Task to complete: Copy the data exactly. No line may be skipped.

Stored data:
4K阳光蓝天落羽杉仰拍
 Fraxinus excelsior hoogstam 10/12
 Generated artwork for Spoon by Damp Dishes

Response:
4K阳光蓝天落羽杉仰拍
 Fraxinus excelsior hoogstam 10/12
 Generated artwork for Spoon by Damp Dishes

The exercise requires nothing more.